В действительности, едва ли в мировой литературе найдется другое произведение, другой герой, побудивший столь многих к воссозданию себя в той или иной форме. Это воссоздание имело место не только в виде прямых и косвенных аллюзий на сервантесовского «Дон Кихота», но и в существенно более причудливых ипостасях. Первым делом на ум приходит знаменитый рассказ Борхеса, конечно же, но ведь и сами набоковские лекции, да еще с предшествующим им поглавным конспектированием романа (перевод этого конспекта занимает добрую половину рецензируемого издания) не той же самой ли порождены идеей?
Любопытно, что, приводя список великих писателей и их творений, в которых ощутим след Рыцаря Печального Образа, Набоков не пропускает и «Мертвых Душ» Гоголя. Как известно, Набоков высоко ценил Гоголя, точнее — пол-Гоголя, ибо Гоголь «Миргорода» и «Вечеров на хуторе…» для Набокова — лишь Гоголь ученических штудий. Таким образом, напрочь мимо внимания нашего лектора проходит «Тарас Бульба» — одно из центральных и самое «донкихотское» произведение Гоголя. Есть в нем и Дон Кихот (Тарас), и Санчо Панса (жид Янкель), и слово «рыцарь» употребляется едва ли не так же часто, как и в романе великого испанца…
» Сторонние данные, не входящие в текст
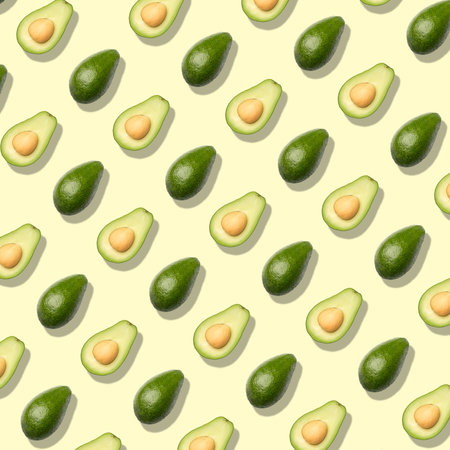 Pattern with avocado. Abstract background. Avocado on the yellow backgroundの写真素材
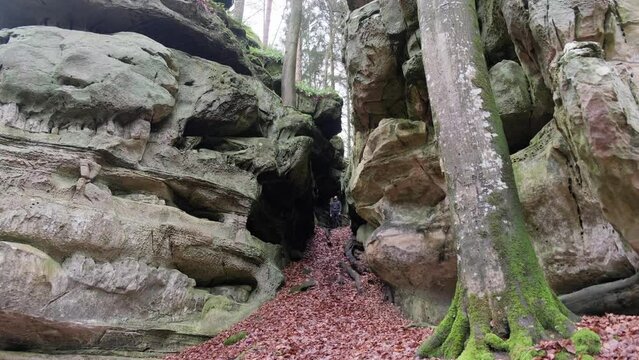 Man standing between Huge Rock Formations in Mullerthal Hiking Trail in Luxembourg - Camera on front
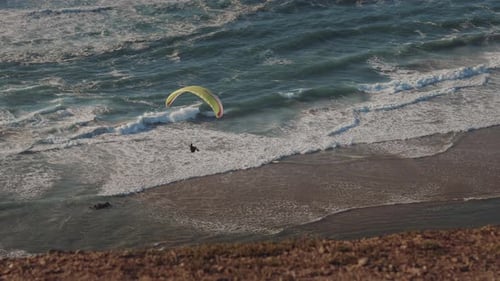 Aerial view of a paraglider flying above the ocean waves near the coastline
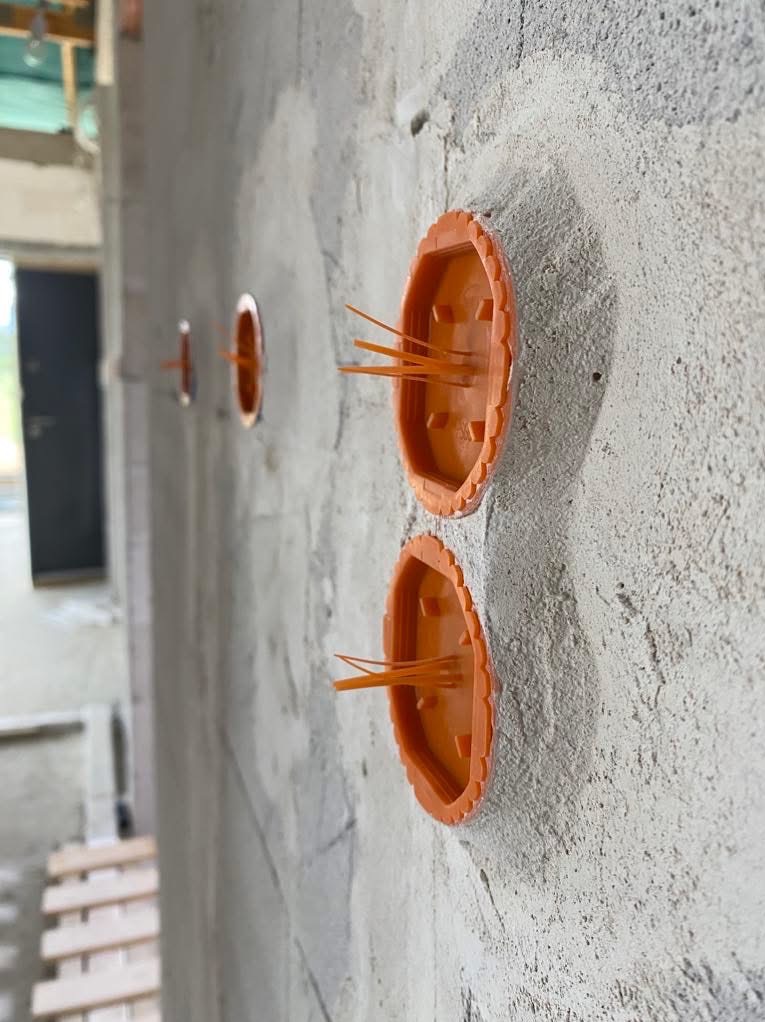 Ściana w trakcie prac wykończeniowych z zamontowanymi, pomarańczowymi puszkami elektrycznymi pod gniazdka. Widoczne przewody. Surowy tynk.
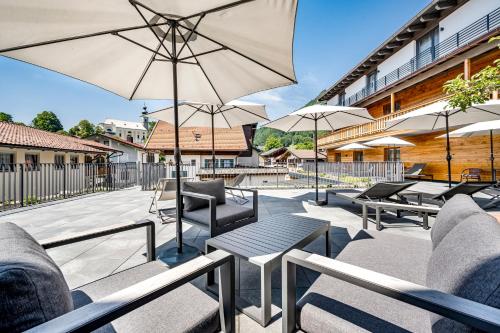 a patio with tables and chairs and umbrellas at Ruhpoldinger Hof - Hotel & Wellness in Ruhpolding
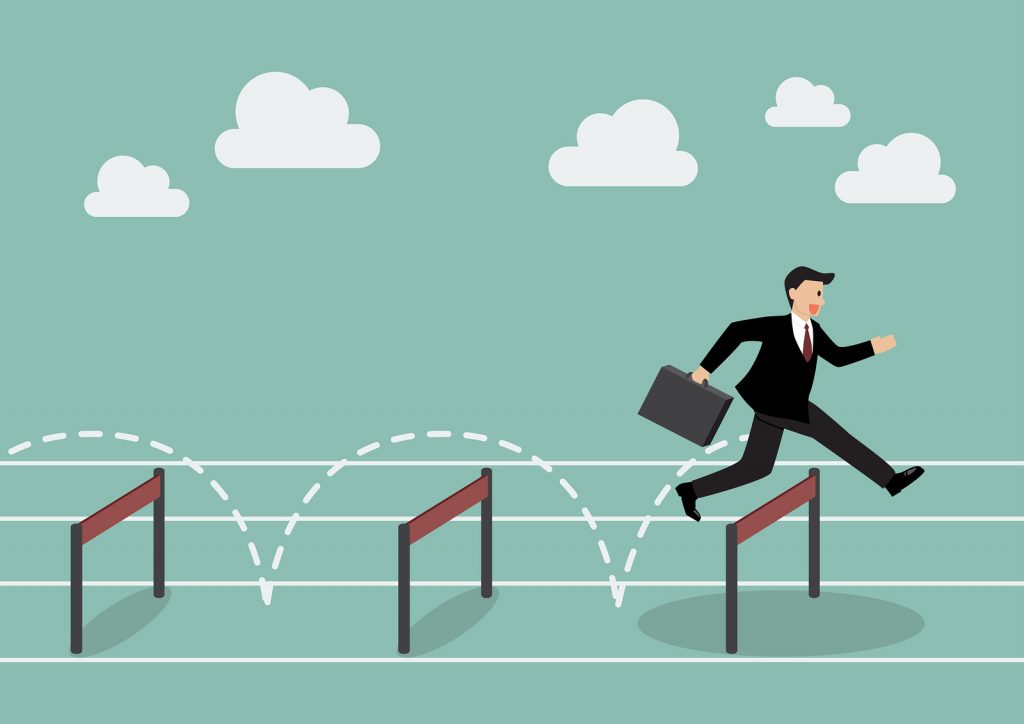 Businessman jumping over hurdle. Business competition concept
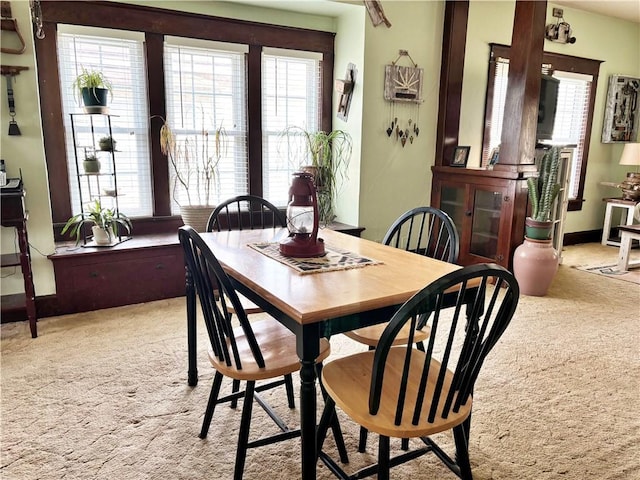 dining area featuring light colored carpet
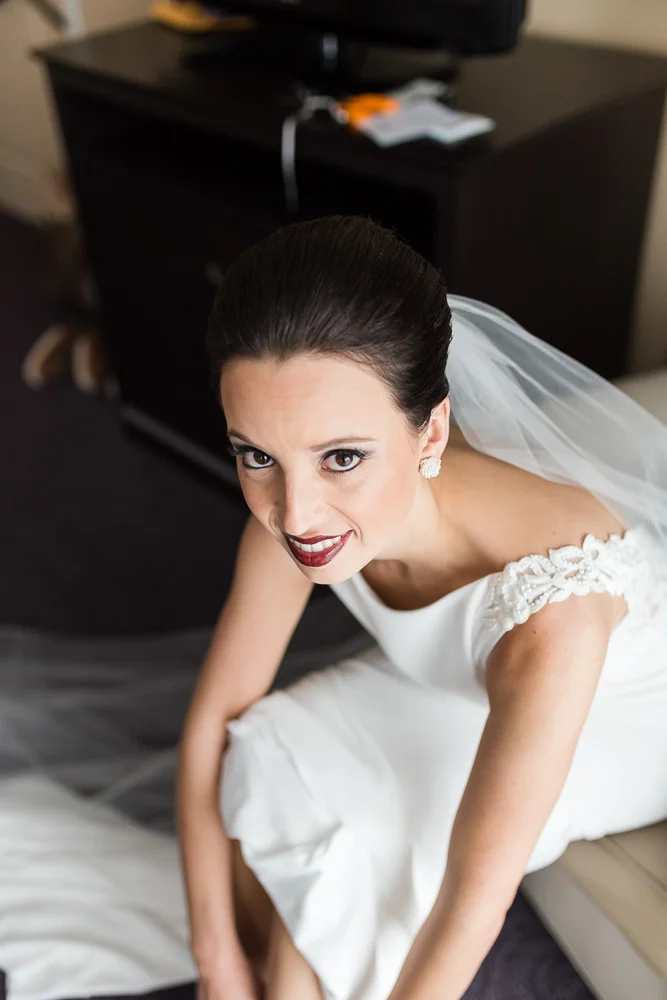 Bride putting on her Badgley Mischka heels at The Strathallan Hotel | Rochester Wedding Photography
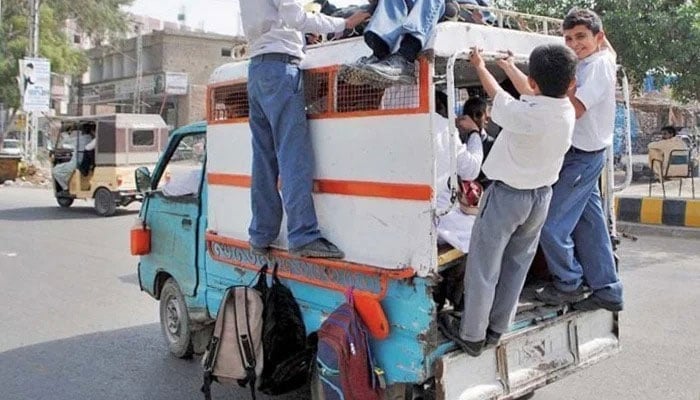 A view of overload school van as a large number of students traveling on the rooftop of a van in a risky manner, posing a potential safety hazard. — Twitter/File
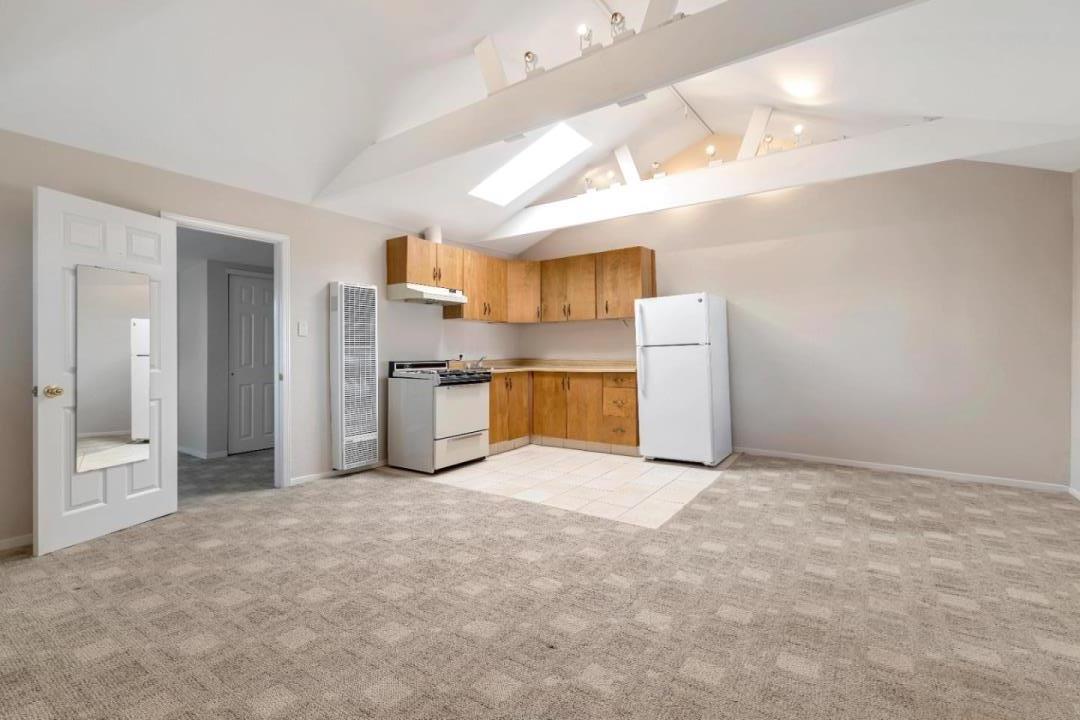 22820 San Juan Road Cupertino, CA 95014 - Photo 76 of 100 a view of a kitchen with a sink and a refrigerator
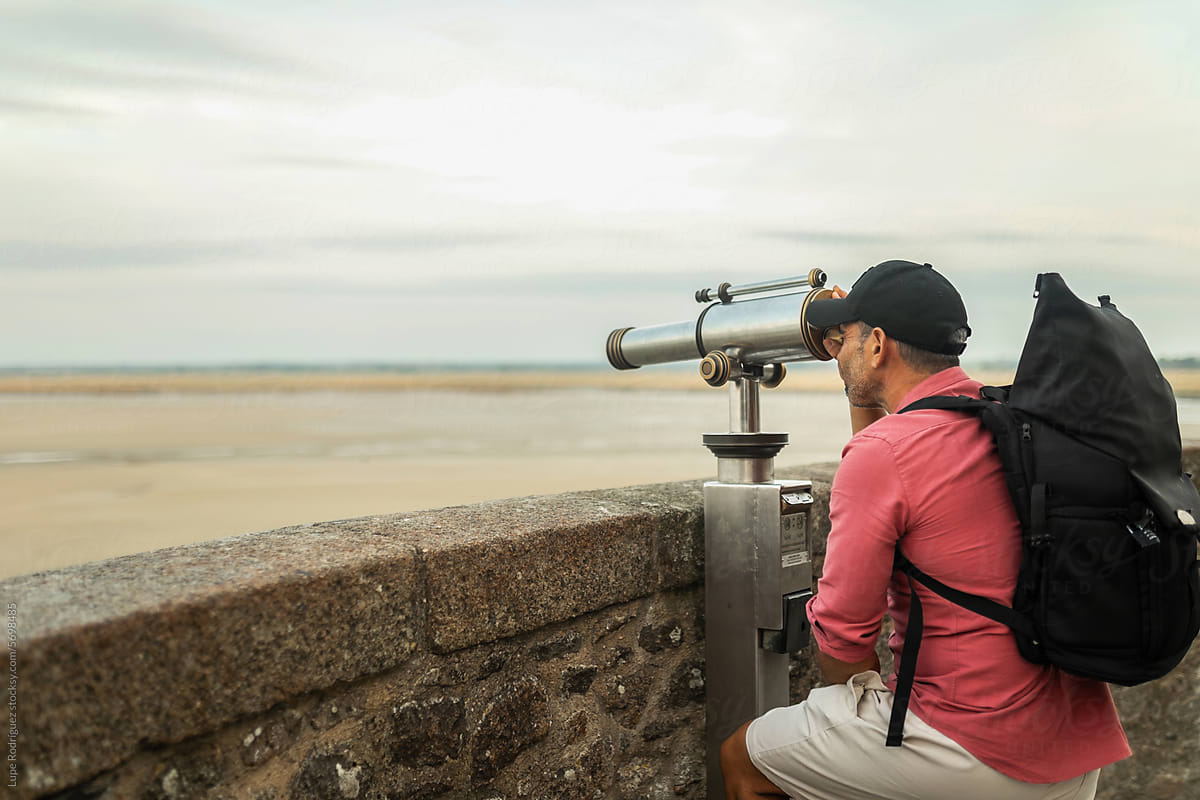 young tourist man looking at the calm sea landscape with a telescope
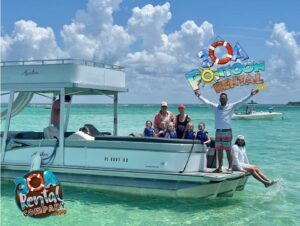 Group of people in life jackets sitting on a silver pontoon boat in clear turquoise water while a smiling man in striped shorts stands on the bow with arms raised, with “30A Pontoon Rental” branding over the bright, cloudy sky.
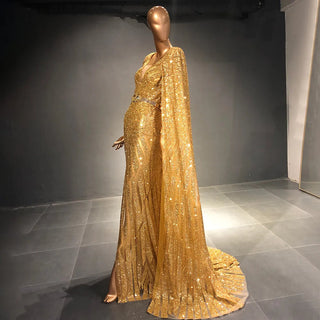 Golden Oasis: Dubai-Inspired Evening Gown Adorned with Sparkly Beads and Elegant Cape - A Dazzling Choice for Weddings and Grand Soirees.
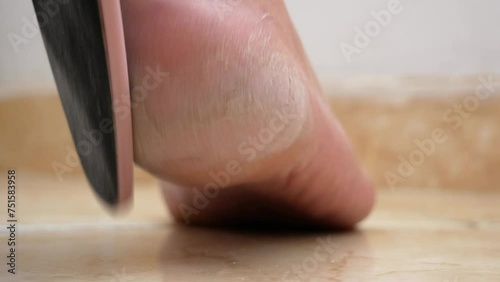 Woman using foot file for removing dead skin from feet at home, woman scrubbing foot process by pumice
Сложнее с пунктом г) нашего списка. Здесь сперва возникает некоторое недоумение — уж не с ветряными ли мельницами воюет Набоков? Где эти толпы глупых критиков, «специалистов по Сервантесу», которые хохочут до колик, читая, как Рыцарь Печального Образа лишился половины уха или почти всех зубов разом? Может быть, таких «серванесоведов» и нету вовсе? Тем не менее справиться с этим недоумением несложно — стоит лишь сделать небольшой шаг в сторону, а именно — закрыть книжку и, взяв ее в руки, приблизить к глазам. Как и в двух упомянутых нами предыдущих томах набоковских лекций, обложка этого украшена фотографическими портретами автора — по одной карточке на первой и на последней ее странице. И если Набоков обложек «русских» и «зарубежных» лекций — это писатель за конторкой или за рабочим столом либо крупным планом его открытое и умное лицо, то здесь мы видим нечто принципиально иное — немолодой уже (худое, впалое тело) мужчина с сачком для ловли бабочек глядит куда-то вперед, мимо нас… а вот он же, в каком-то странно-нелепом капюшоне, из-под которого виднеется один горящий глаз…
Если это — не сам Дон Кихот, то я — троллейбус!